EXERCISE OBJECTIVE ▸
Your answer must consist of the records exactly as given, with no pictures included.
BEGIN DATASET RECORDS
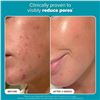 Image 6 : Paula's Choice Skin Perfecting Daily facial Exfoliator (118ml) 2% BHA Liquid Exfoliant - New!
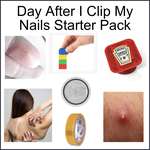 image for Day after I clip my nails starter pack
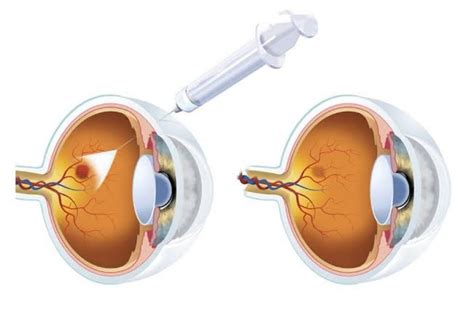 Anti-VEGF: Treatment for Wet AMD - Eye Care - The Eye News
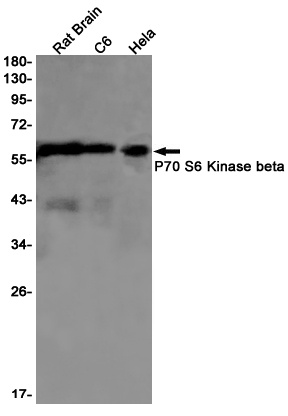 RPS6KB2 Antibody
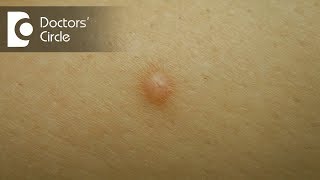 Diagnosis of skin colored lump with brown spot  Dr Nanda Rajaneesh [upl. by Feigin]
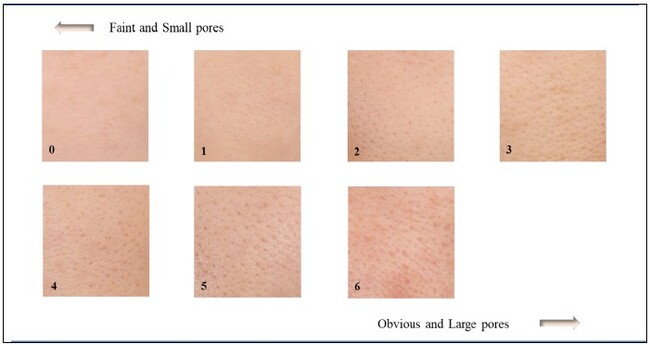 高濃度ビタミンC誘導体とノイバラ果実エキスの併用によるヒトの肌への効果をハーバー研究所が検証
END DATASET RECORDS
ANSWER SECTION ▸
 Image 6 : Paula's Choice Skin Perfecting Daily facial Exfoliator (118ml) 2% BHA Liquid Exfoliant - New!
 image for Day after I clip my nails starter pack
 Anti-VEGF: Treatment for Wet AMD - Eye Care - The Eye News
 RPS6KB2 Antibody
 Diagnosis of skin colored lump with brown spot  Dr Nanda Rajaneesh [upl. by Feigin]
 高濃度ビタミンC誘導体とノイバラ果実エキスの併用によるヒトの肌への効果をハーバー研究所が検証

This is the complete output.